DATASET Start Marker
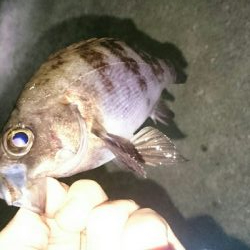 爆風メバリング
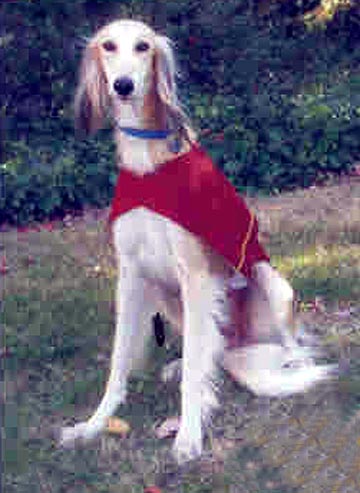 Orion the mascot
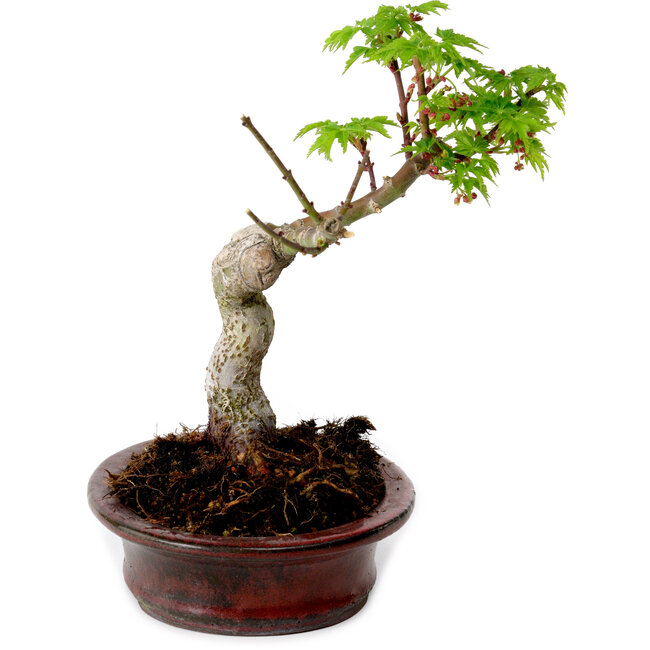 Acer palmatum Shishigashira, 15 cm, ± 10 Jahre alt, mit einem Wurzelhals von 2,5 cm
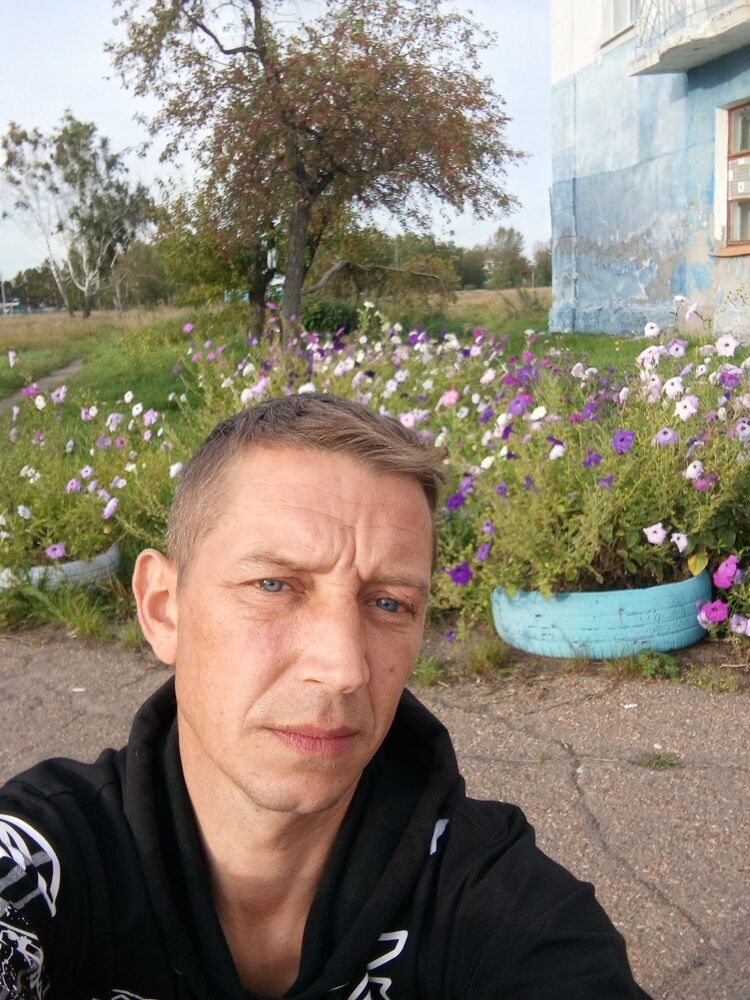  50436894  , 38 ,    -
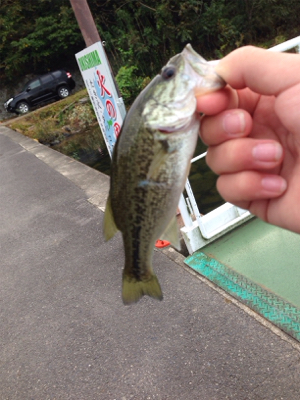 初の沖島釣行！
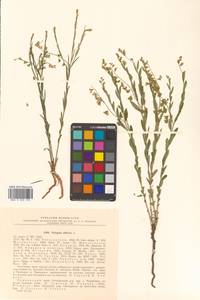 Polygala sibirica L., Siberia, Russian Far East (S6) (Russia)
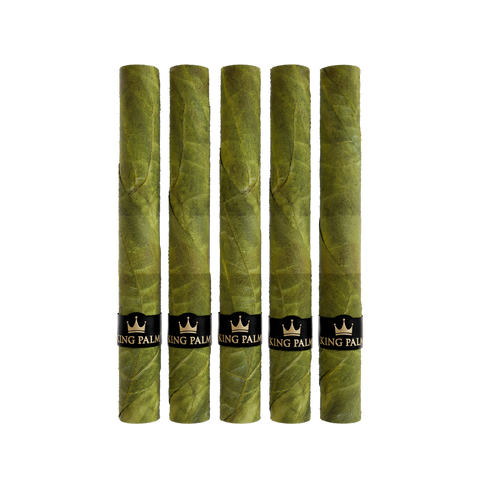 5 XXXL Bundle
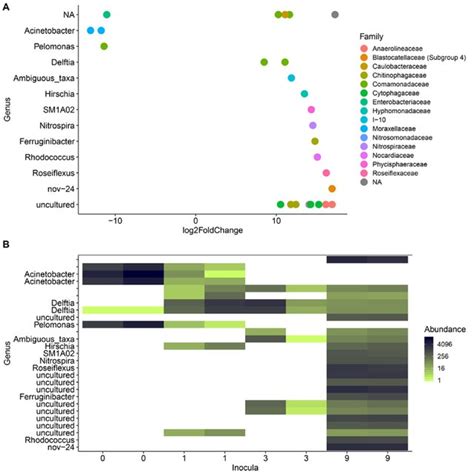 Transformation Of Metformin To Guanylurea Metformin Degradation Is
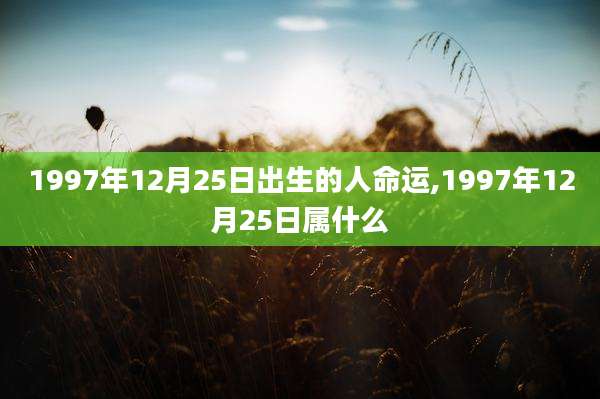 1997年12月25日出生的人命运,1997年12月25日属什么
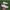 Sepatu bola DIADORA BRAZIL kulit asli  photo 4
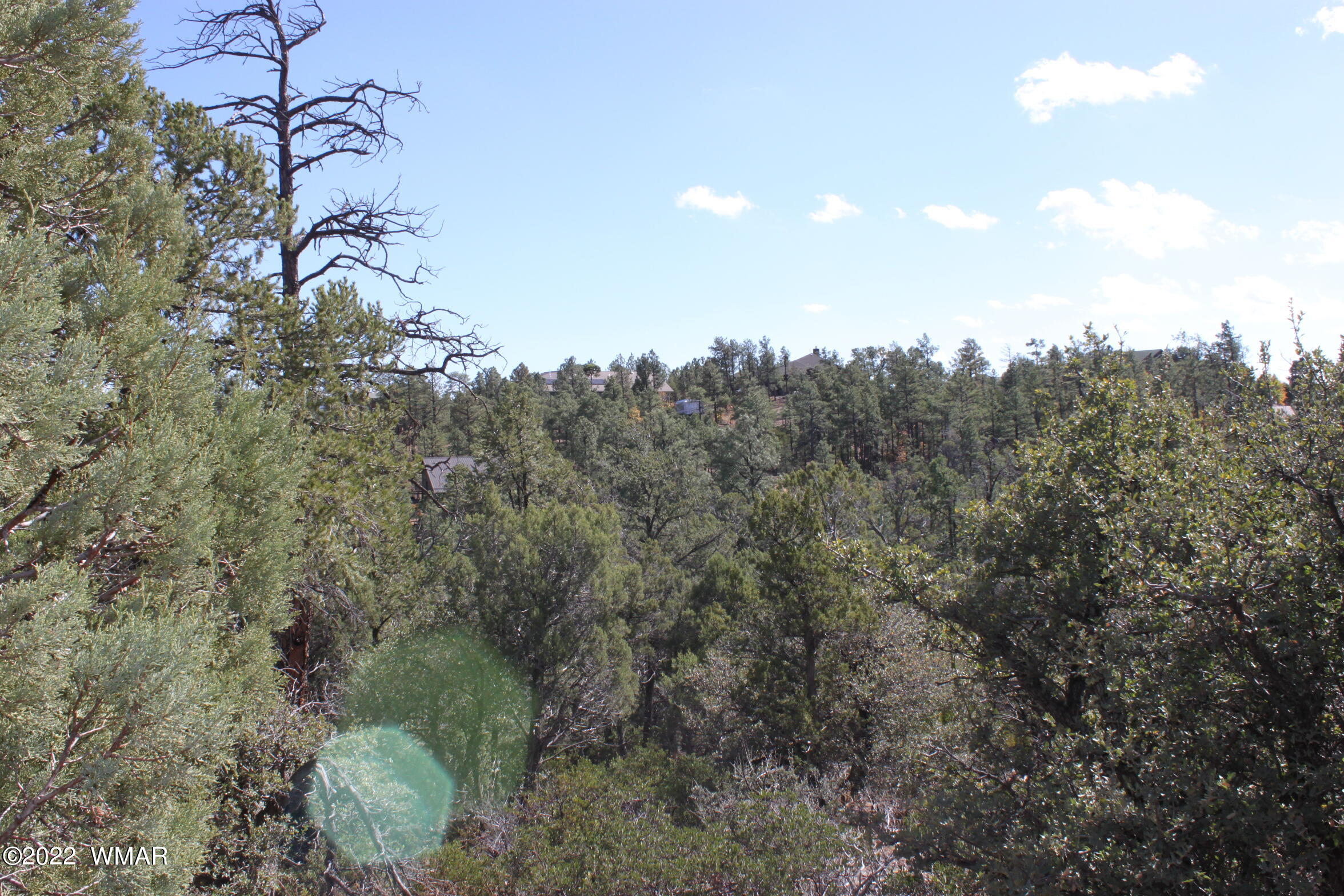 1970 S Pleasant View Drive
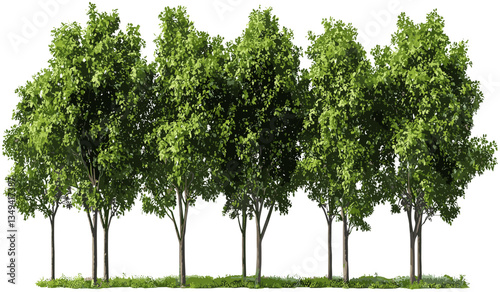 Vector Jungle trees row greenery png, tropical foliage, nature scene, wild forest, exotic plants, dense jungle, landscape background, green leaves, foliage pattern, tropical trees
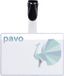 Pavo Naambordje met clip, 60 x 90 mm, transparant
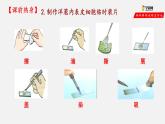 2.1.3 动物细胞（课件）-2021-2022学年七年级生物上册（人教版）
DATASET End Marker
WORK REQUIRED
Please write out, word for word, only the lines from the one holding "Sepatu bola DIADORA" through the end of the records above, with both end lines included and the pictures dropped.

SOLUTION TO THIS PROBLEM
 Sepatu bola DIADORA BRAZIL kulit asli  photo 4
 1970 S Pleasant View Drive
 Vector Jungle trees row greenery png, tropical foliage, nature scene, wild forest, exotic plants, dense jungle, landscape background, green leaves, foliage pattern, tropical trees
 Pavo Naambordje met clip, 60 x 90 mm, transparant
 2.1.3 动物细胞（课件）-2021-2022学年七年级生物上册（人教版）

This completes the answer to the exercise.